Anvers, première ville de la région flamande, doit sa réputation principalement à son port, qui se classe parmi les cinq principaux ports du monde. Les étrangers sont naturellement portés à associer le nom d'Anvers avec le port, donc avec de l'industrie, de l'industrie chimique et d'autres choses pas toujours propres dans tous les sens du terme. Rien n'est moins vrai, cependant: Anvers est une belle ville très agréable, riche d'un patrimoine culturel considérable.
C'est en 1985 que Melina Mercouri, à l'époque ministre de la Culture en Grèce, lança son idée de faire chaque année d'une ville de la Communauté européenne le foyer de la culture européenne.

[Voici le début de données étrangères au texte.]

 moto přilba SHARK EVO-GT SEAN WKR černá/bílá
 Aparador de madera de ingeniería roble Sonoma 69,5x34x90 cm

Les ministres de la Culture des États membres de la Communauté européenne marquèrent leur accord, le 5 juin de cette année-là, et toujours en cette même année, Athènes fut la première ville à concrétiser cette formule. Depuis, les sept autres villes précitées ont suivi, et après Anvers, ce sera le tour de Lisbonne (1994), Luxembourg (1985) et Copenhague (1996). Chaque ville doit tenir compte de deux objectifs: rendre la culture de la ville ou de la région concernée accessible à un public européen et esquisser une image de l'actualité de la culture européenne.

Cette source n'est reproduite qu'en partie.